The lines to transcribe begin with the one containing "TRUCKTEC AUTOMOTIVE 0735096" and end with the last line below; reproduce them exactly, without the pictures.

Task input section start

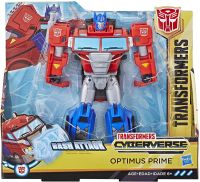 Transformers Cyberverse Ultra Class Optimus Prime Action Figure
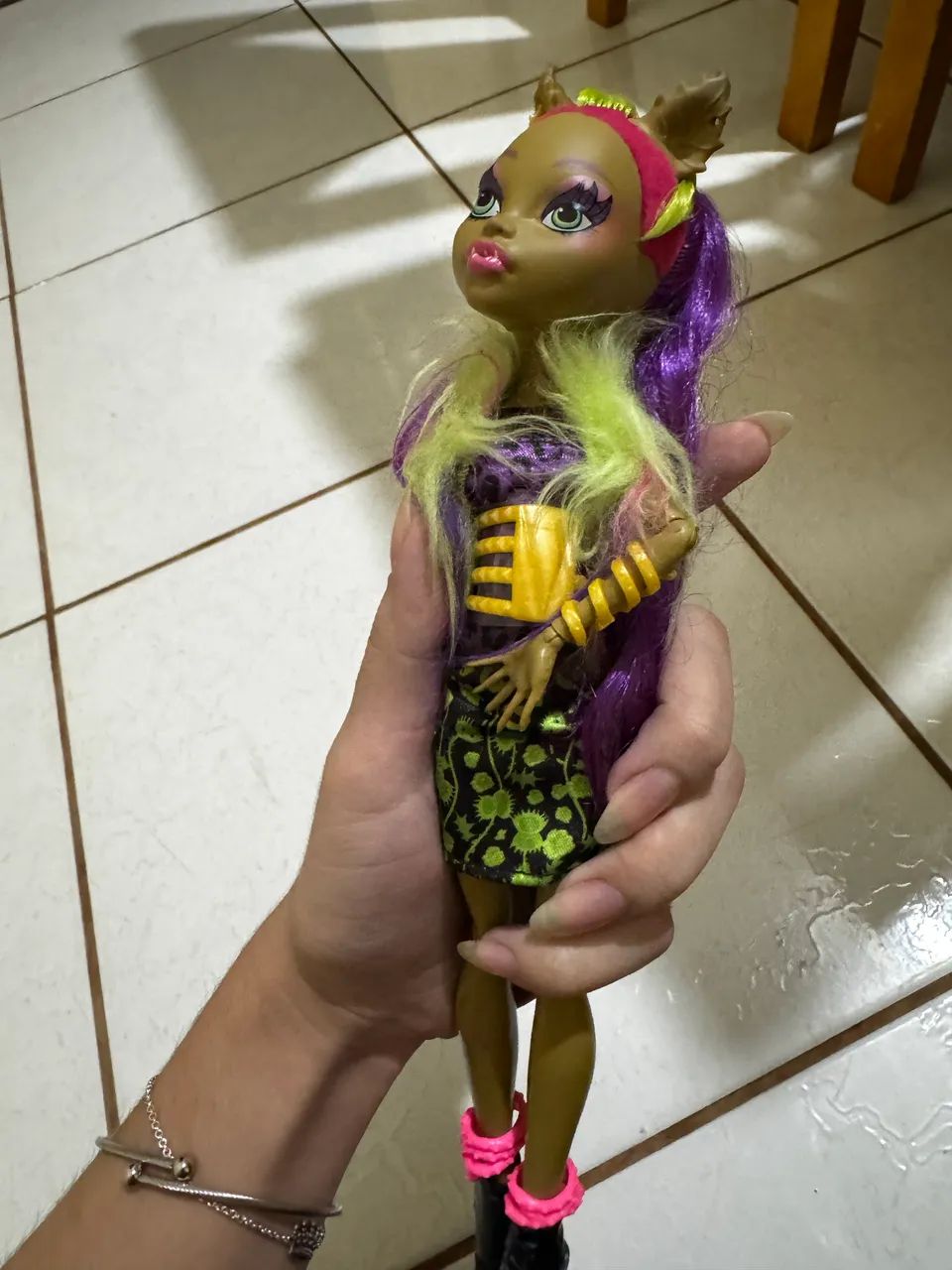 Monster High Clawdeen Venus - Foto 3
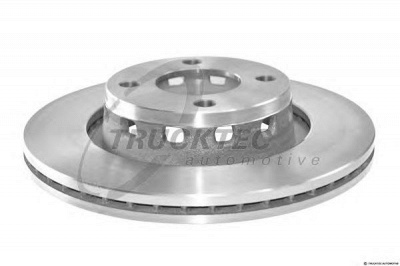 TRUCKTEC AUTOMOTIVE 0735096 -  Тормозной диск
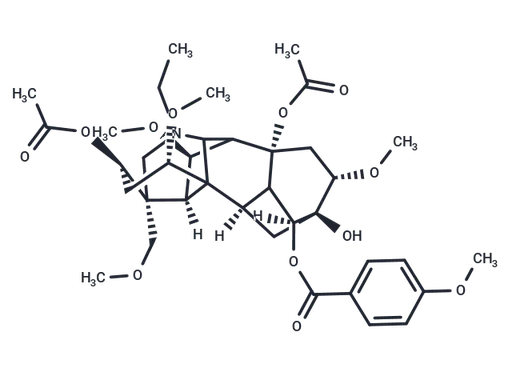 3-Acetylyunaconitine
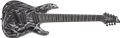 Schecter DIAMOND SERIES C-8 Multi Scale Silver Mountain 8-String Electric Guitar  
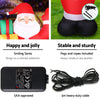 Christmas Inflatable Santa 2.4M Illuminated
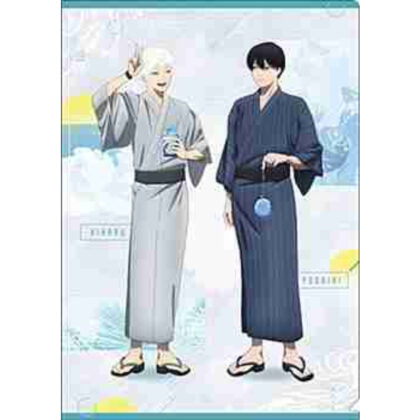 (s)光が死んだ夏 クリアファイル 浴衣 送料別880円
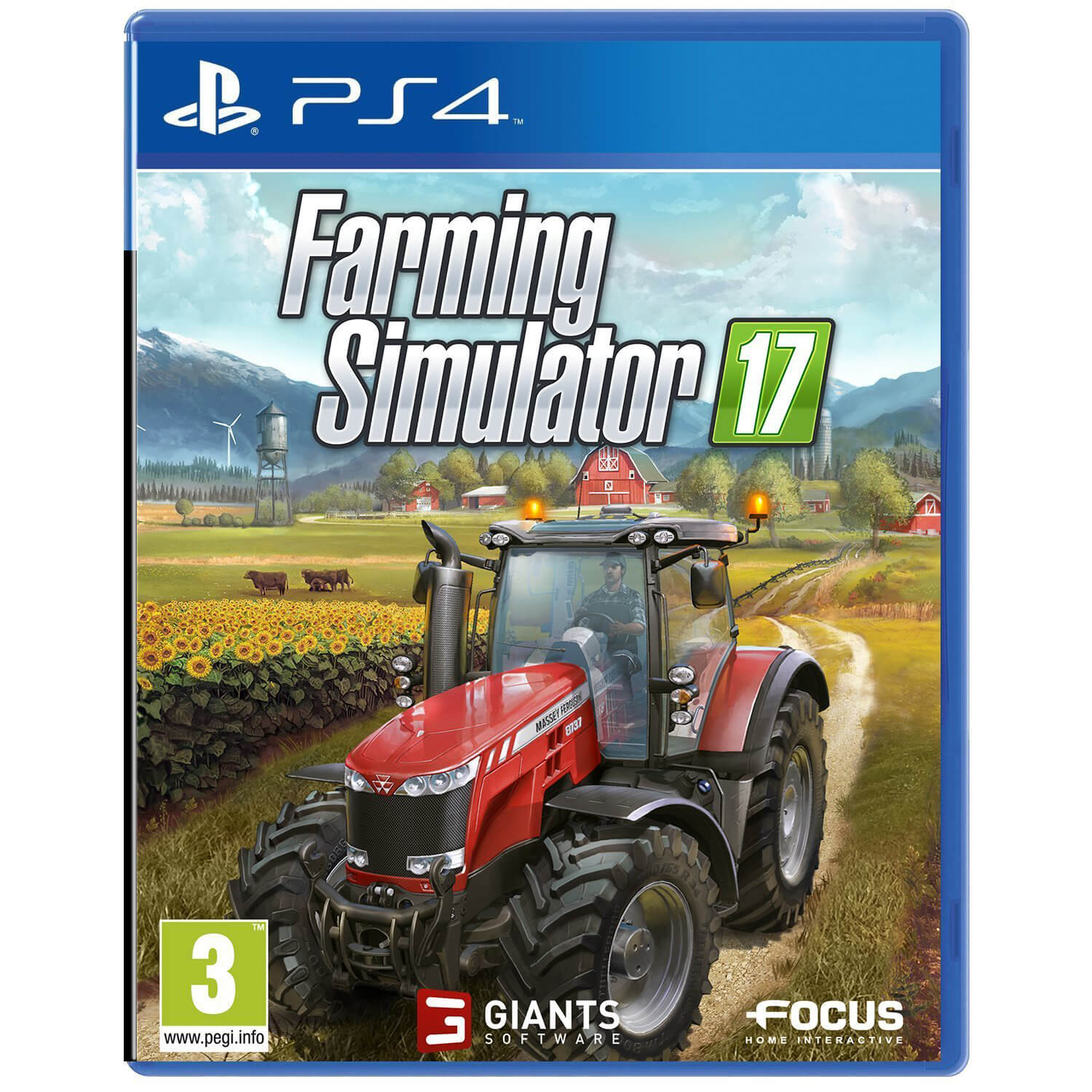 Joc PS4 Farming Simulator 17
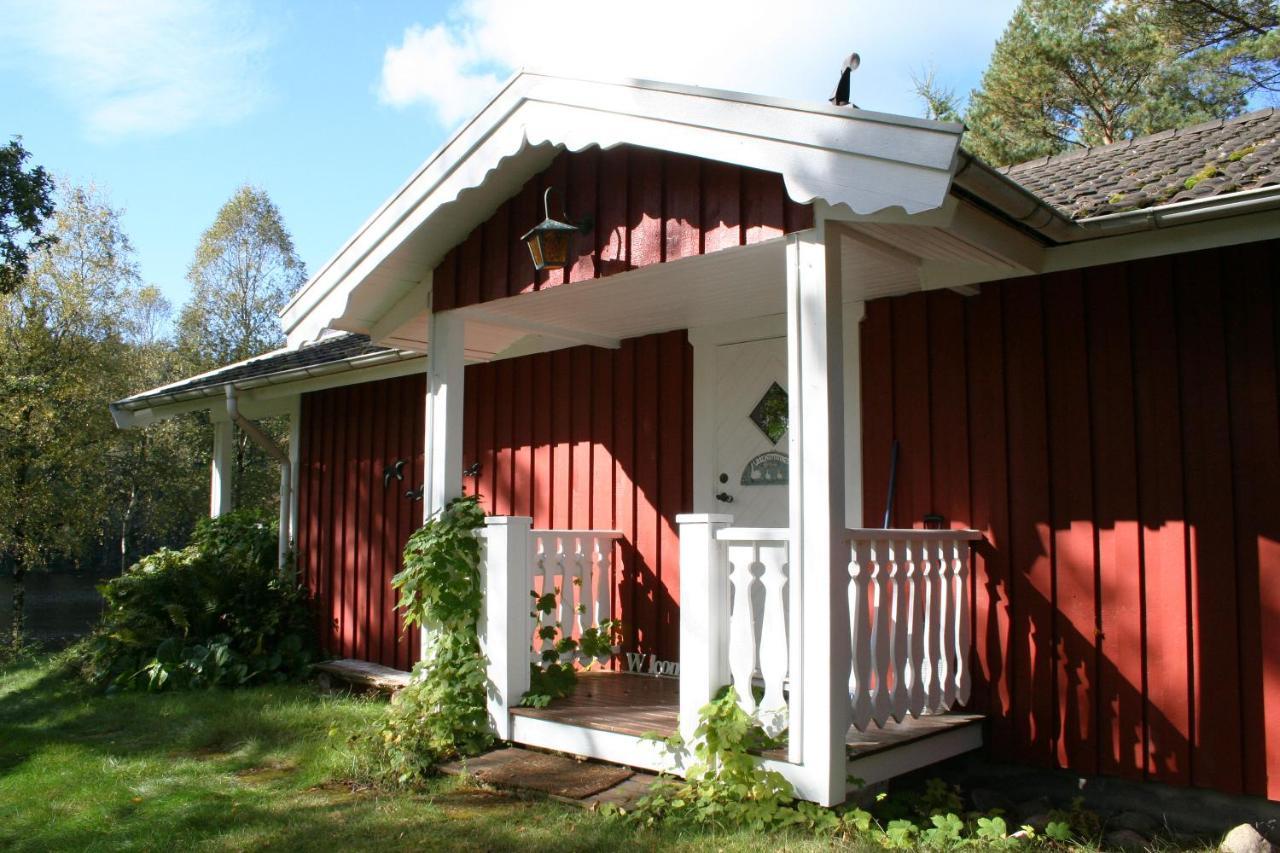 Bjoersjoedal Lake House'S Villa Gotenburg Buitenkant foto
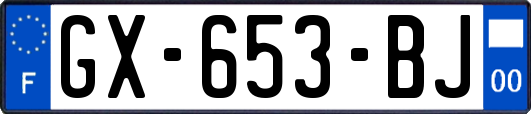 GX-653-BJ
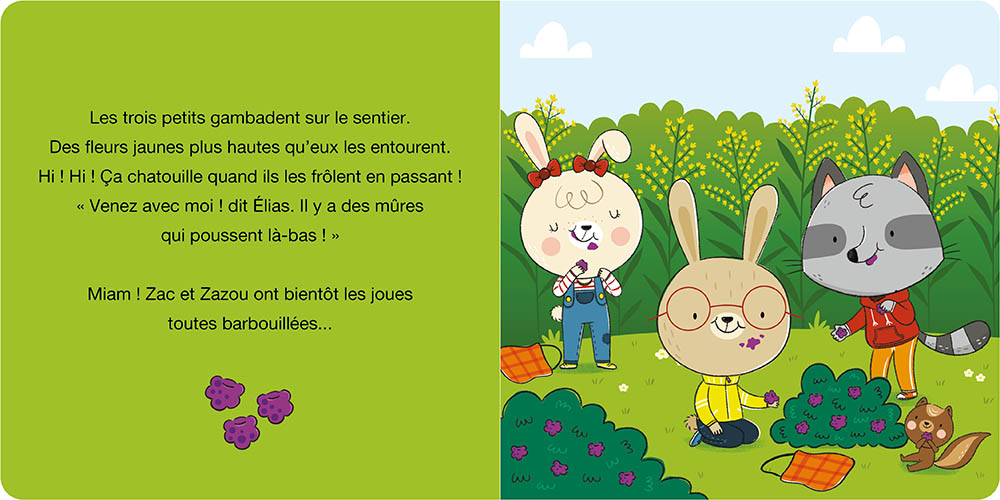 Zac Et Zazou Vont Aux Pommes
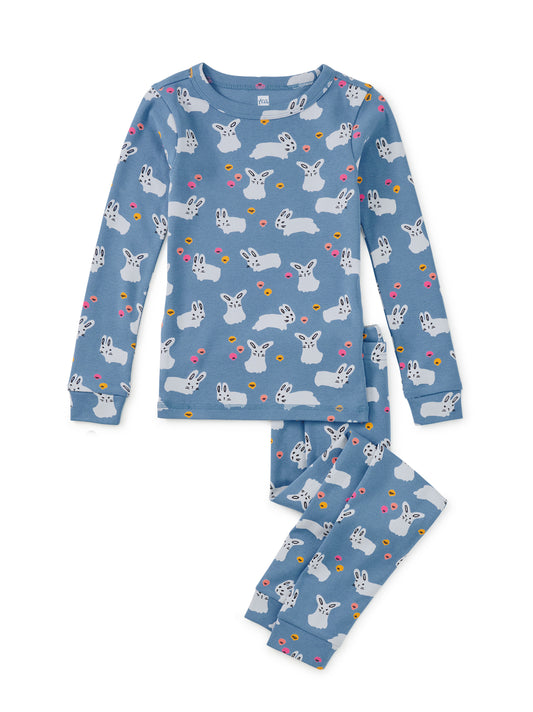 Goodnight Pajama Set - Bouncing Bunnies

Task input section end

Written response:
 TRUCKTEC AUTOMOTIVE 0735096 -  Тормозной диск
 3-Acetylyunaconitine
 Schecter DIAMOND SERIES C-8 Multi Scale Silver Mountain 8-String Electric Guitar  
 Christmas Inflatable Santa 2.4M Illuminated
 (s)光が死んだ夏 クリアファイル 浴衣 送料別880円
 Joc PS4 Farming Simulator 17
 Bjoersjoedal Lake House'S Villa Gotenburg Buitenkant foto
 GX-653-BJ
 Zac Et Zazou Vont Aux Pommes
 Goodnight Pajama Set - Bouncing Bunnies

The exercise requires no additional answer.